Do fields describing different particles always commute? Is it true that field operators describing different particles (for example a scalar field operator $\phi (x) $ and a spinor field operator $\psi (x) $) always commute (i.e. $ [\phi (x), \psi (y) ]=0, \forall x,y $) in interacting theory?
Or is it true only at equal times? (i.e. $ [\phi (t,\vec x), \psi (t, \vec y) ]=0, \forall \vec x, \vec y $)
Or is it in general not true even at equal times?
Finally, if the fields in account are both fermionic must the commutator be replaced with an anticommutator?

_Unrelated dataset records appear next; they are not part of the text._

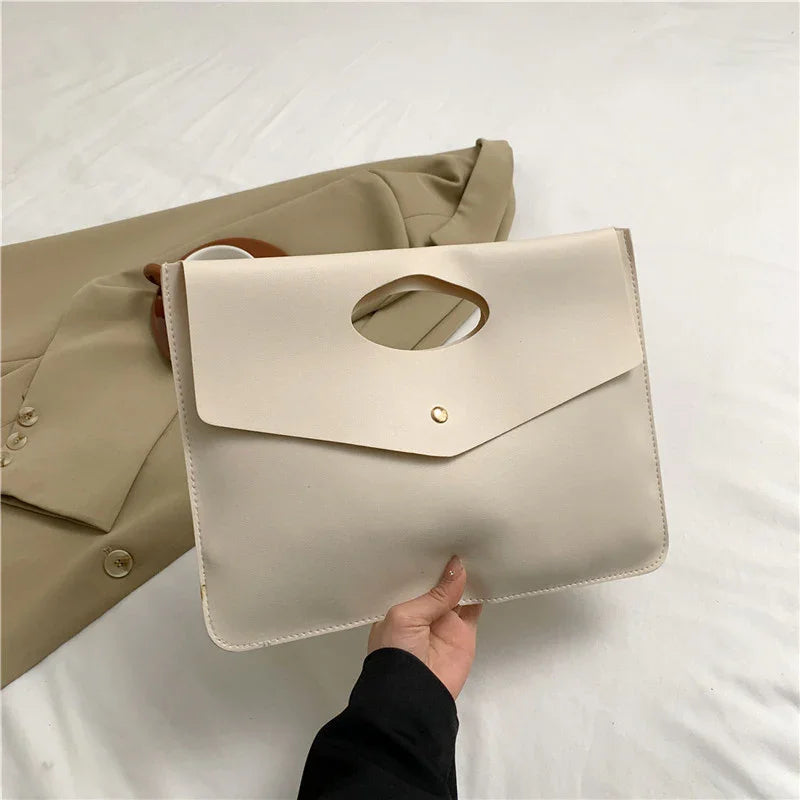 Hand holding a minimalist beige leather clutch bag with a cutout handle, placed over a beige blazer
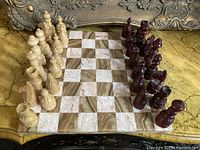 Photo showing entire marble chessboard with wooden chess pieces set up on the board, showing alternating marble squares and wood carved pieces in light and dark finishes.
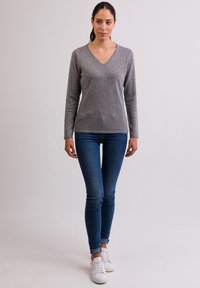 Maglione grigio a V in tessuto morbido, maniche lunghe, design aderente, abbinato a jeans blu e sneakers bianche. Look minimalista e casual.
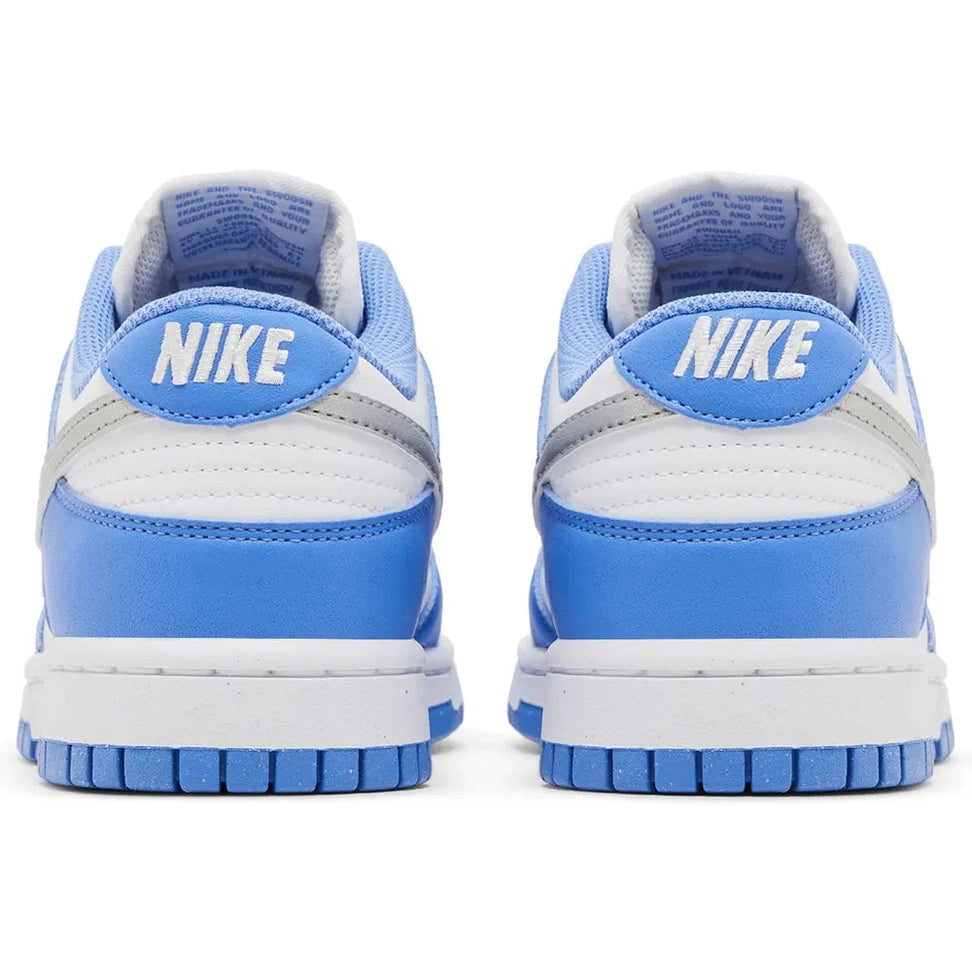 Back view of white and blue Nike Dunk Low sneakers with embroidered Nike logo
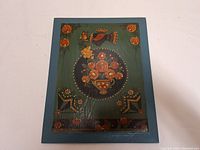 Full front view of the vintage tole painting showing overall composition with bird above floral basket on green background framed in blue.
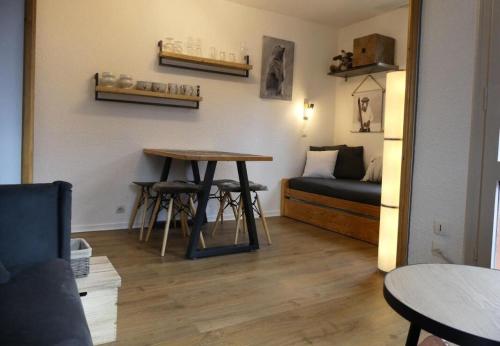 Cette chambre dispose d'une table, d'un lit et d'une table. dans l'établissement Résidence Les Chalets des Arolles - maeva Home - Charmant studio 4 personnes - Confort - Sélection MAE-9741, à Aime La Plagne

 A: lurscher asks for a physical interpretation of CR Drost's correct answer. I'm answering separately because my response was too long to fit into a comment.
In the trivial case where the two fields are completely uncoupled - either directly or indirectly by way of both being coupled to some third field - the Heisenberg annihilators commute at all times. Otherwise, they have nonzero commutators at different times. We can interpret this second case physically by noting that virtual-particle loops of the second field's particle appear in the exact propagator for the first field. Roughly speaking, if you create a particle $A$ that can scatter/decay into virtual particles of type $B$ by some later time, then in creating particle $A$ there is some amplitude to indirectly create a particle $B$ as well, so the two particles' creation operators are not independent.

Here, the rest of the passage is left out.